GEOS-ESM / GMAO_Shared

Repository for GEOS Earth System Model shared infrastructure
Apache License 2.0
3 stars 10 forks source link

Update regrid.pl for GOCART2G #228

Open mathomp4 opened 2 years ago

mathomp4 commented 2 years ago

Per @pcolarco and @mmanyin in email, there is a desire to regrid the new GOCART2G restarts. Looking at a set of them, the (possible) new files seem to be:

Now, normally we could just add these to The List™ that's in regrid.pl but it's not that simple.

I looked at these restarts with @bena-nasa and we noticed that:

The main issue is the underlying regridding code was not set up for files like these.

So, I suppose the first question for @pcolarco or @amdasilva or @christophkeller is: Do we need to worry about hemco_internal?
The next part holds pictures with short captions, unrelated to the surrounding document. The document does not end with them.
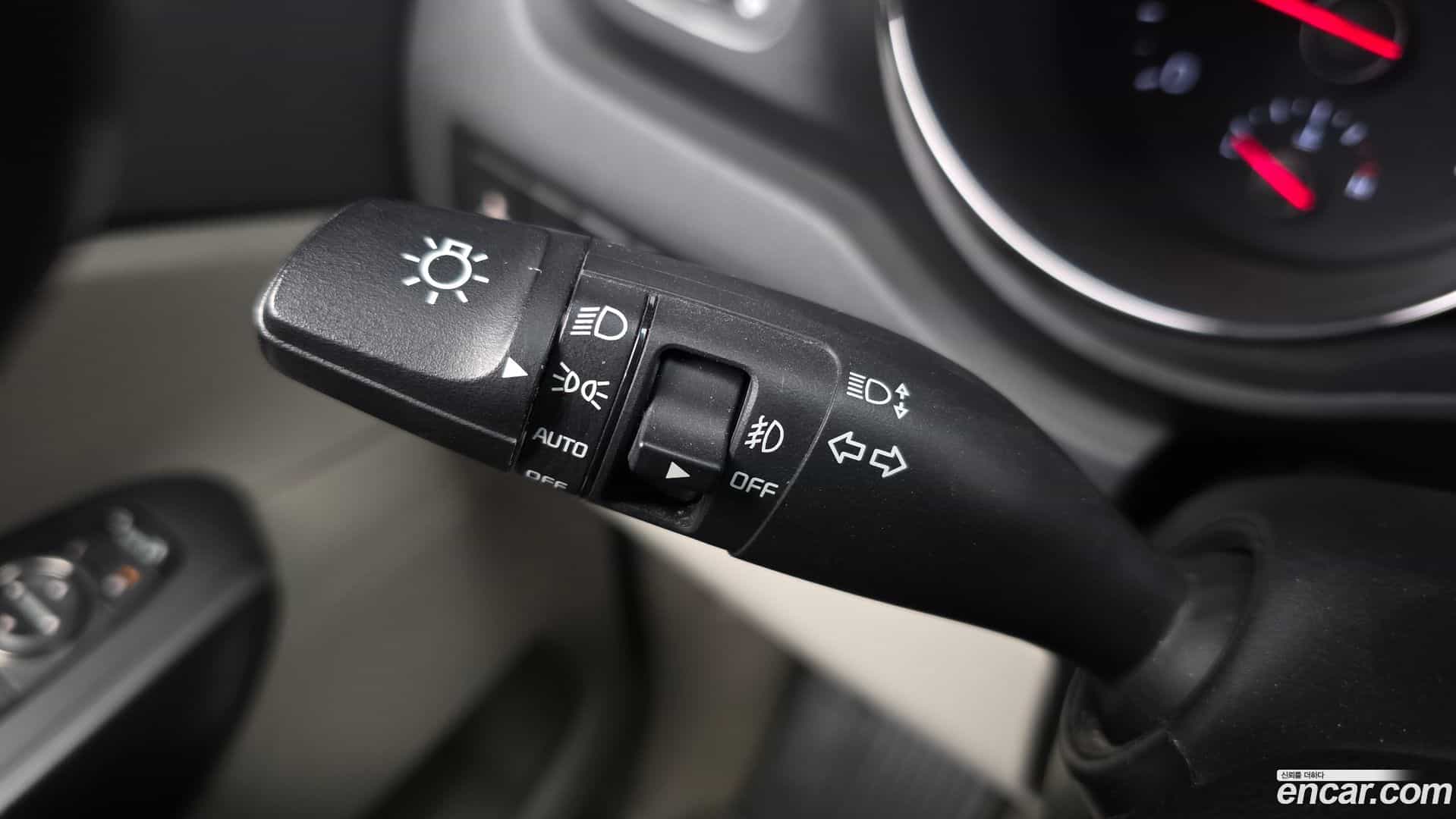 Canival Kia 2018.8-OPTION-041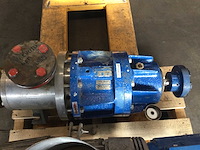 Diverse pompen (2x) - afbeelding 3 van  5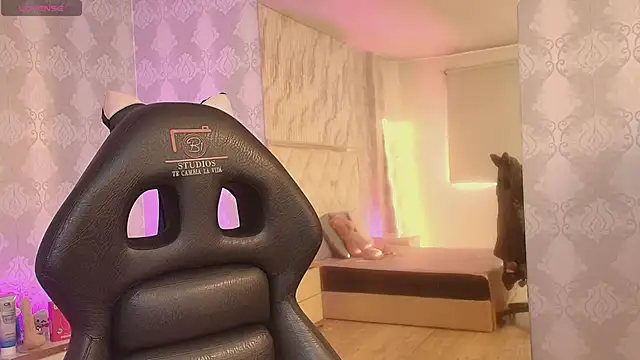 Cloee tay1 online show from 04-22-26, 11:34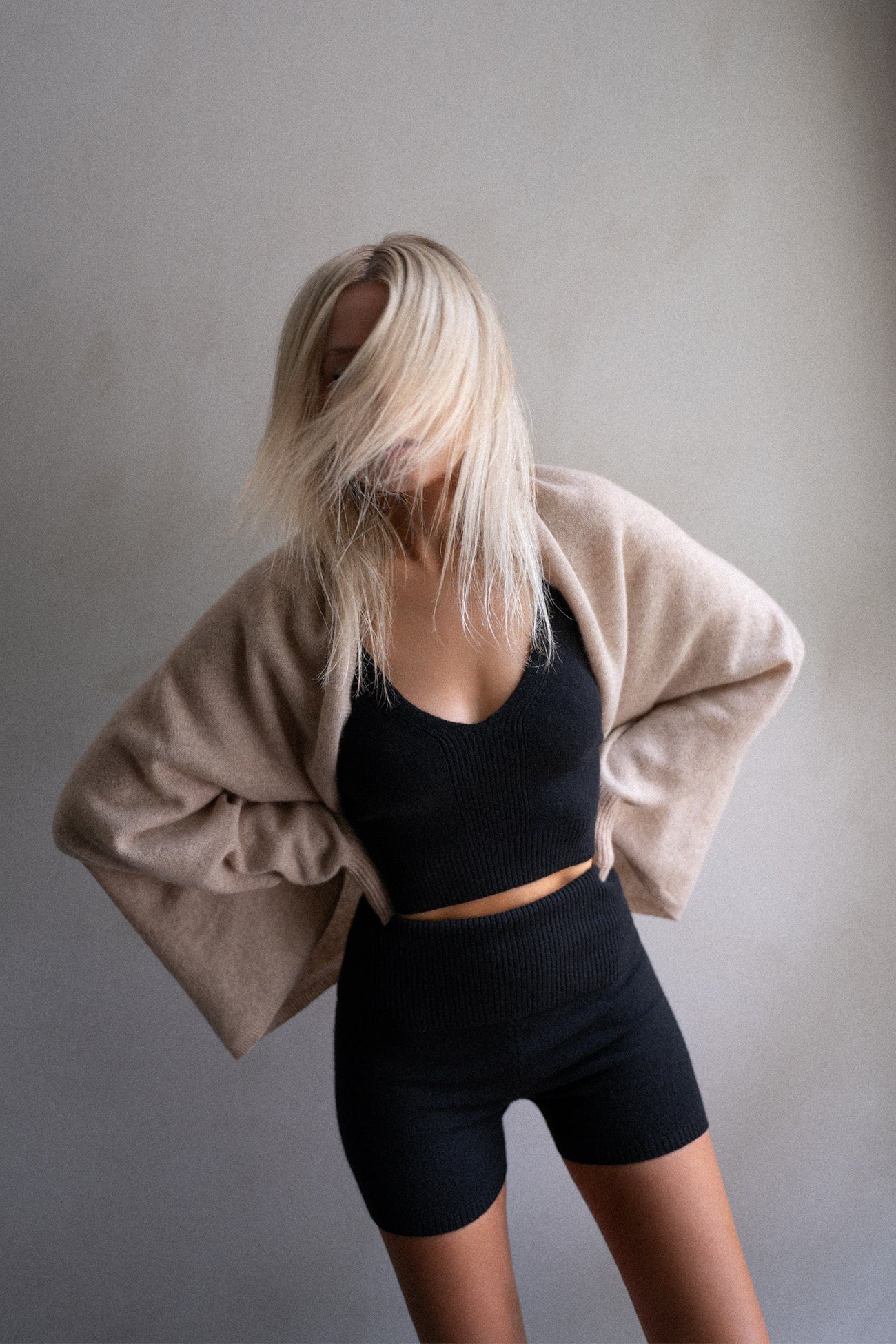 MELI CASHMERE SHRUG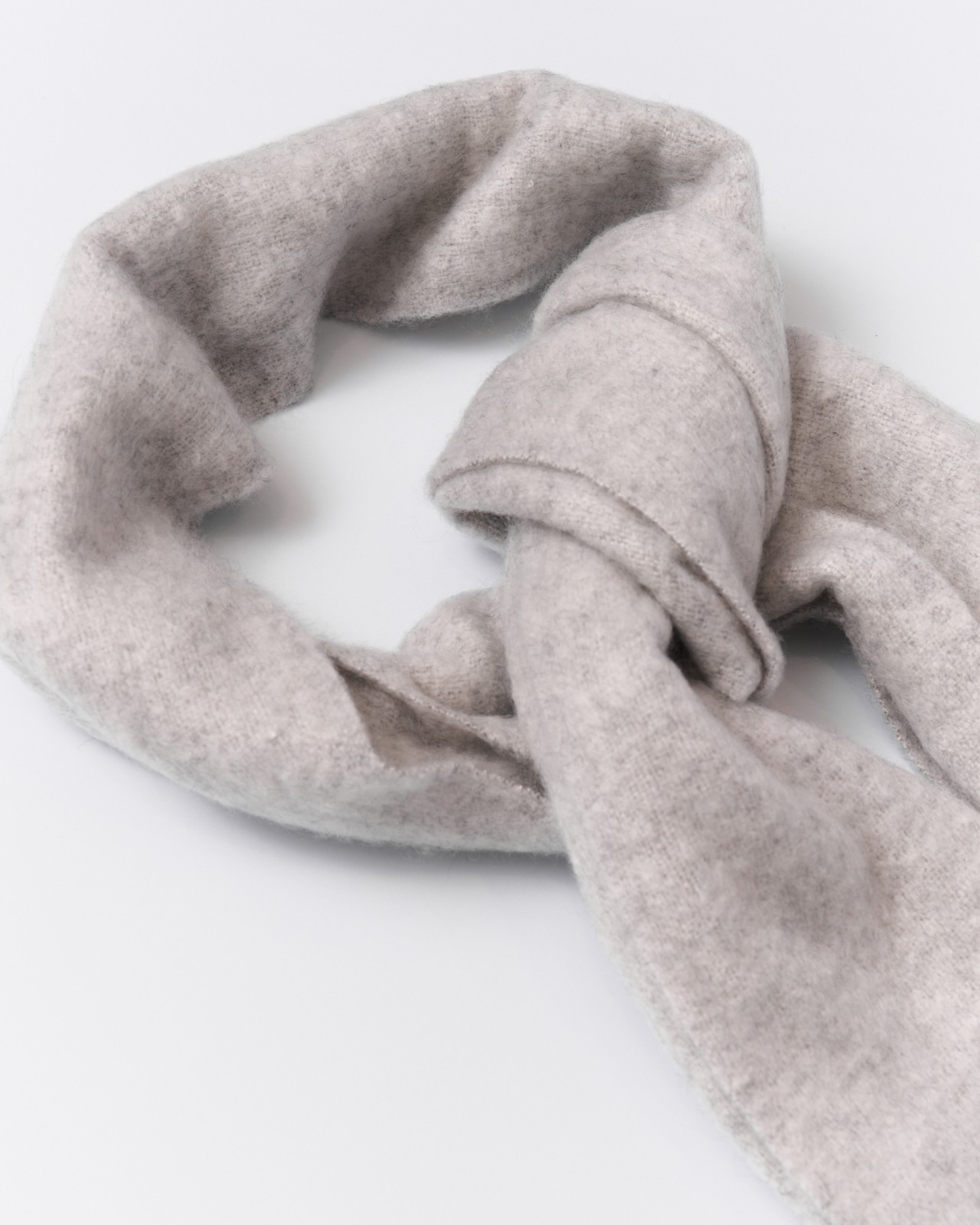 Тёплый шарф с длинной бахромой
If not, we just just always bootstrap it and focus on the 4d restarts?

mathomp4 commented 2 years ago

CC @weiyuan-jiang, @tclune, @aoloso in re the regrid refactoring effort

bena-nasa commented 2 years ago

Adding the ability for interp_restarts.x to handle these new cases an ungridded dimension + level is straightforward from a scientific perspective (just treat each index of the ungridded dimension as a 3-D variable in it's own right and do the usual horizontal and vertical regridding. However, the code has gotten to the point that to add new capabilities like this calls for a refactoring. At least splitting out the binary and netcdf into separate codes so I can focus on adding these capabilities to the netcdf restarts without breaking the binary path. Splitting this apart and adding new capabilities is a non-trivial exercise so lead time and dedicated time to do this will be necessary.

bena-nasa commented 2 years ago

@mmanyin @pcolarco It had been a long time since I looked at the code; I split interp_restarts.x into a binary and NetCDF code. That was fairly straightforward. Adding support for these 4-D variables in the NetCDF version of the program is actually more straightforward than I thought. Although this will mean a multiple repo PR for regrid.pl and the underlying regridding ...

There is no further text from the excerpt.